The next morning, we were at South Pura Island, in the Pantar Strait and about to dive "Anemone City" which is literally a city of Clark's clownfish residing in the biggest carpet of anemones I have ever seen. There are so many anemones that some don't even have clownfish! It was a difficult decision whether to use the wide angle fisheye lens or the macro lens, but ultimately, I chose the fisheye to capture more of the scenery. The water here was a bit colder than the other sites we had visited thus far so I was happy to be wearing my 5mm wetsuit as opposed the 3mm wetsuit I had been wearing previously. I spent the dive in the shallows admiring the endless parade of anemones and clownish swaying in the current along with a variety of other fish, sponges, and corals.

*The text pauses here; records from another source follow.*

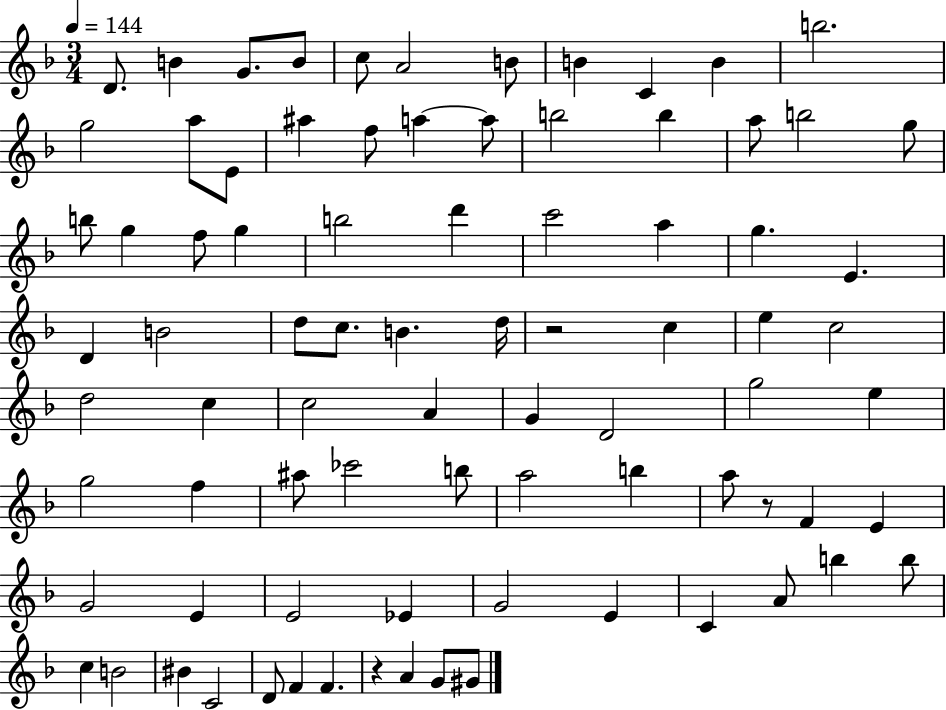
D4/e. B4/q G4/e. B4/e C5/e A4/h B4/e B4/q C4/q B4/q B5/h. G5/h A5/e E4/e A#5/q F5/e A5/q A5/e B5/h B5/q A5/e B5/h G5/e B5/e G5/q F5/e G5/q B5/h D6/q C6/h A5/q G5/q. E4/q. D4/q B4/h D5/e C5/e. B4/q. D5/s R/h C5/q E5/q C5/h D5/h C5/q C5/h A4/q G4/q D4/h G5/h E5/q G5/h F5/q A#5/e CES6/h B5/e A5/h B5/q A5/e R/e F4/q E4/q G4/h E4/q E4/h Eb4/q G4/h E4/q C4/q A4/e B5/q B5/e C5/q B4/h BIS4/q C4/h D4/e F4/q F4/q. R/q A4/q G4/e G#4/e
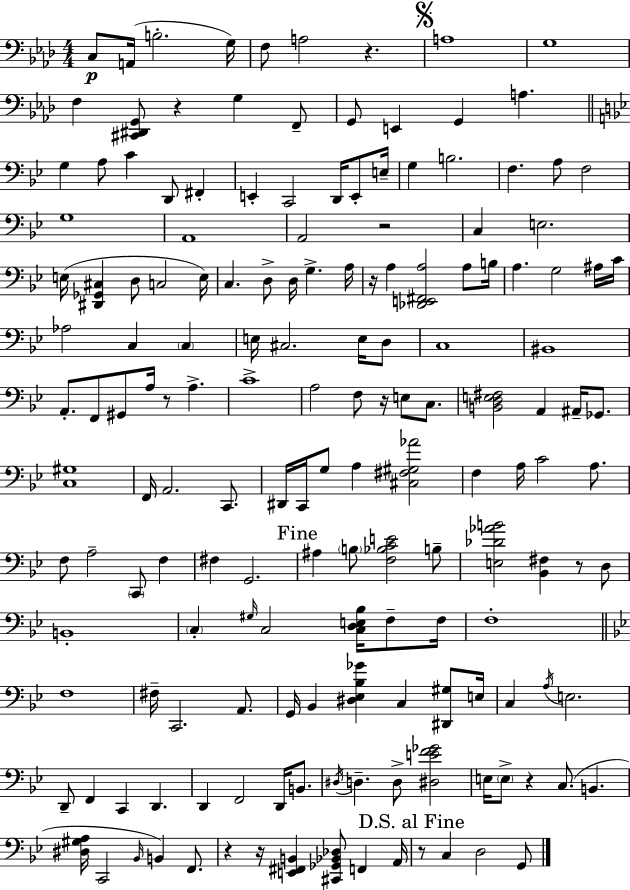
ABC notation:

X:1
T:Untitled
M:4/4
L:1/4
K:Fm
C,/2 A,,/4 B,2 G,/4 F,/2 A,2 z A,4 G,4 F, [^C,,^D,,G,,]/2 z G, F,,/2 G,,/2 E,, G,, A, G, A,/2 C D,,/2 ^F,, E,, C,,2 D,,/4 E,,/2 E,/4 G, B,2 F, A,/2 F,2 G,4 A,,4 A,,2 z2 C, E,2 E,/4 [^D,,_G,,^C,] D,/2 C,2 E,/4 C, D,/2 D,/4 G, A,/4 z/4 A, [_D,,E,,^F,,A,]2 A,/2 B,/4 A, G,2 ^A,/4 C/4 _A,2 C, C, E,/4 ^C,2 E,/4 D,/2 C,4 ^B,,4 A,,/2 F,,/2 ^G,,/2 A,/4 z/2 A, C4 A,2 F,/2 z/4 E,/2 C,/2 [B,,D,E,^F,]2 A,, ^A,,/4 _G,,/2 [C,^G,]4 F,,/4 A,,2 C,,/2 ^D,,/4 C,,/4 G,/2 A, [^C,^F,^G,_A]2 F, A,/4 C2 A,/2 F,/2 A,2 C,,/2 F, ^F, G,,2 ^A, B,/2 [F,_B,CE]2 B,/2 [E,_D_AB]2 [_B,,^F,] z/2 D,/2 B,,4 C, ^G,/4 C,2 [C,D,E,_B,]/4 F,/2 F,/4 F,4 F,4 ^F,/4 C,,2 A,,/2 G,,/4 _B,, [^D,_E,_B,_G] C, [^D,,^G,]/2 E,/4 C, A,/4 E,2 D,,/2 F,, C,, D,, D,, F,,2 D,,/4 B,,/2 ^D,/4 D, D,/2 [^D,EF_G]2 E,/4 E,/2 z C,/2 B,, [^D,^G,A,]/4 C,,2 _B,,/4 B,, F,,/2 z z/4 [E,,^F,,B,,] [^C,,_G,,_B,,_D,]/2 F,, A,,/4 z/2 C, D,2 G,,/2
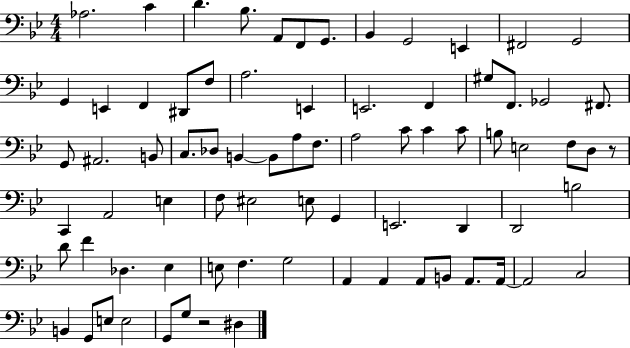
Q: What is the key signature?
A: BES major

After lunch, we got to snorkel with the many exuberant children of the Solong Bali Village which was another highlight of my trip. I chose to snorkel rather than dive because I wanted to capture some over-unders of the kids with their home-made goggles below the surface and the hand carved wooden boats above the surface. For these shots, I used a 15mm fisheye lens, a large dome port, and utilized a small aperture to get everything in focus. During this excursion, I got to interact with numerous kids who were so outgoing even though we didn't speak the same language. As soon as I took their pictures, they all wanted to quickly see the images on the LCD screen which I promptly showed them. It was also a real treat to see some of the boys demonstrate how they spearfish with hand-made wooden spears. After almost two hours, it was time to go and I reluctantly climbed into the boat as I could have stayed all day playing with these fun kids!

That afternoon, we were treated to another spectacular wall dive at "Solong Bali" which was densely covered with corals, giant sponges and anemones and accompanied with abundant marine life, lots of overhangs with fish hiding inside, and excellent visibility. I could see the dive guide pointing out small critters to the other divers but I was focused on obtaining wide angle shots of the wall. In fact, my dive buddy used a macro lens on this dive and was quite happy with her choice.

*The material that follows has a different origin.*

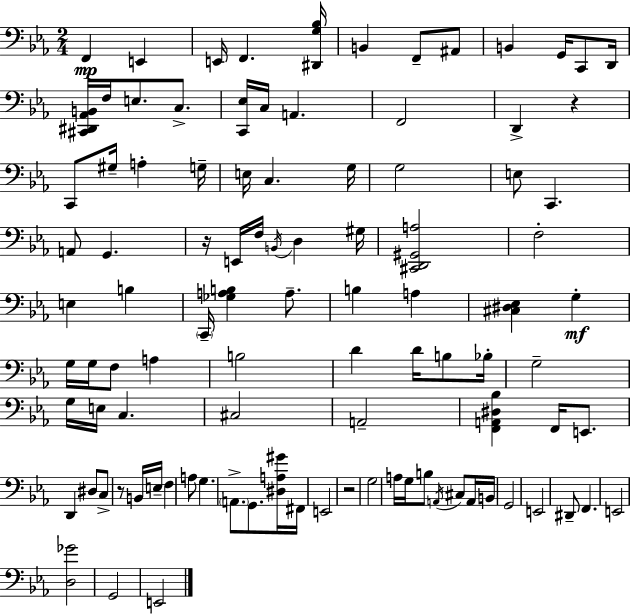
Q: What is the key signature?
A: EES major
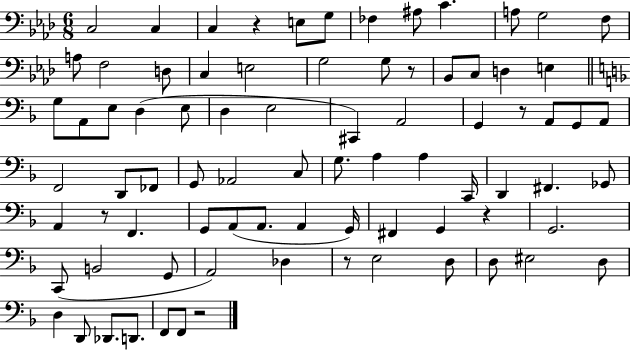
C3/h C3/q C3/q R/q E3/e G3/e FES3/q A#3/e C4/q. A3/e G3/h F3/e A3/e F3/h D3/e C3/q E3/h G3/h G3/e R/e Bb2/e C3/e D3/q E3/q G3/e A2/e E3/e D3/q E3/e D3/q E3/h C#2/q A2/h G2/q R/e A2/e G2/e A2/e F2/h D2/e FES2/e G2/e Ab2/h C3/e G3/e. A3/q A3/q C2/s D2/q F#2/q. Gb2/e A2/q R/e F2/q. G2/e A2/e A2/e. A2/q G2/s F#2/q G2/q R/q G2/h. C2/e B2/h G2/e A2/h Db3/q R/e E3/h D3/e D3/e EIS3/h D3/e D3/q D2/e Db2/e. D2/e. F2/e F2/e R/h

The next morning, we embarked on a four hour land excursion to the island of Alor, including a visit to the Aboi Mountain Tribe. This village, made up of people whose ancestors were head hunters, is located up in the hills of Alor. Here the people maintain long-established traditions including elaborate dancing and singing rituals which they performed for us. They also demonstrated how to chew the betal nut and asked for volunteers from our group - but no one wanted to try! Afterwards, we stopped at a local market bustling with shoppers and filled with fresh produce, fish, grains, and stalls with clothes and other odds and ends. After returning to the ship and having lunch, we strapped on our tanks at "Mucky Mosque" in search of the elusive Rhinopious. Within minutes, I heard one of the divemasters, Irwan, banging on his tank as he had already found a greenish-orange one sauntering along through the algae. If this wasn't enough, we also found two peacock mantis shrimp which was on my list to see!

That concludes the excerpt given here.